▶ **WORK TASK**
What needs reproducing is the run of lines in the data below starting at the line with "CREATOR: gd-jpeg v1.0" and ending at the line with "2024/12/11/flirt4free-marko-toro-07-31-01", both ends included. Copy it exactly, without pictures, and add nothing.

▶ **DATA FOR THIS EXERCISE**
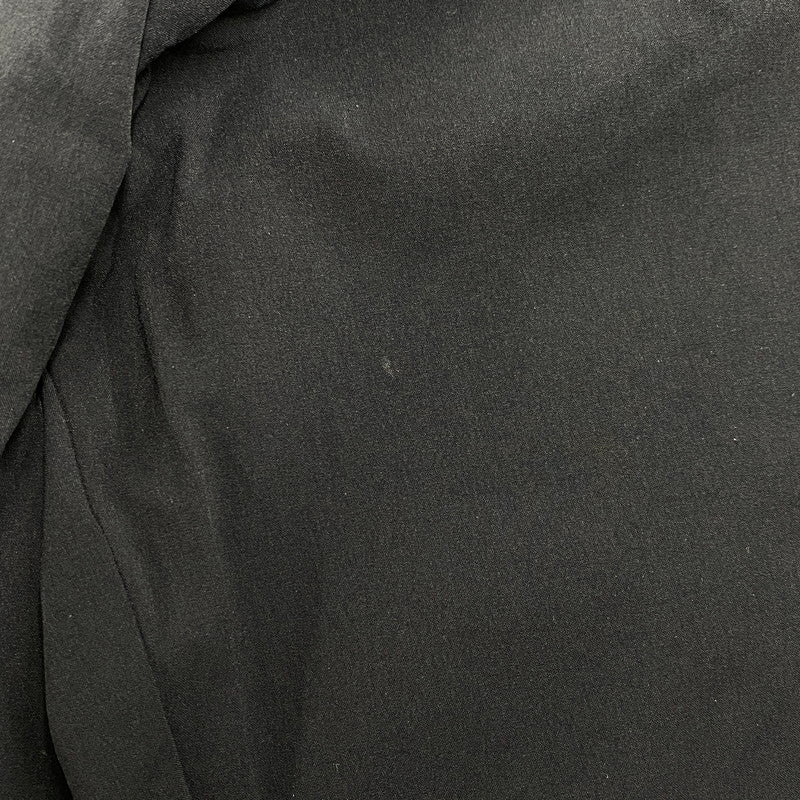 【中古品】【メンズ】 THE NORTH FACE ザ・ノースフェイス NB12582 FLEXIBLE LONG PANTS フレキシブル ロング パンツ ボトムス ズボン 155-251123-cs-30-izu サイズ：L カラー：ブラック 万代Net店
--
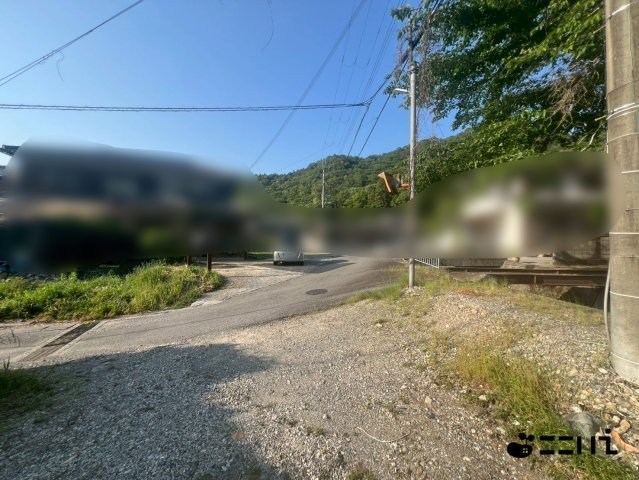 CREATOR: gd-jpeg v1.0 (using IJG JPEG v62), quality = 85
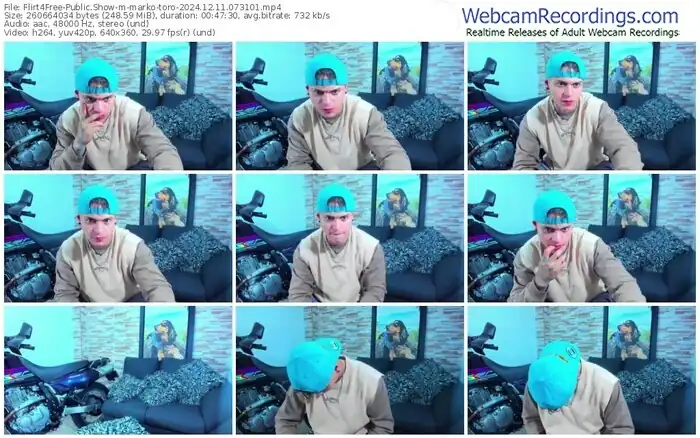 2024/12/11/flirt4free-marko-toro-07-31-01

▶ **ANSWER FOR THE TASK**
 CREATOR: gd-jpeg v1.0 (using IJG JPEG v62), quality = 85
 2024/12/11/flirt4free-marko-toro-07-31-01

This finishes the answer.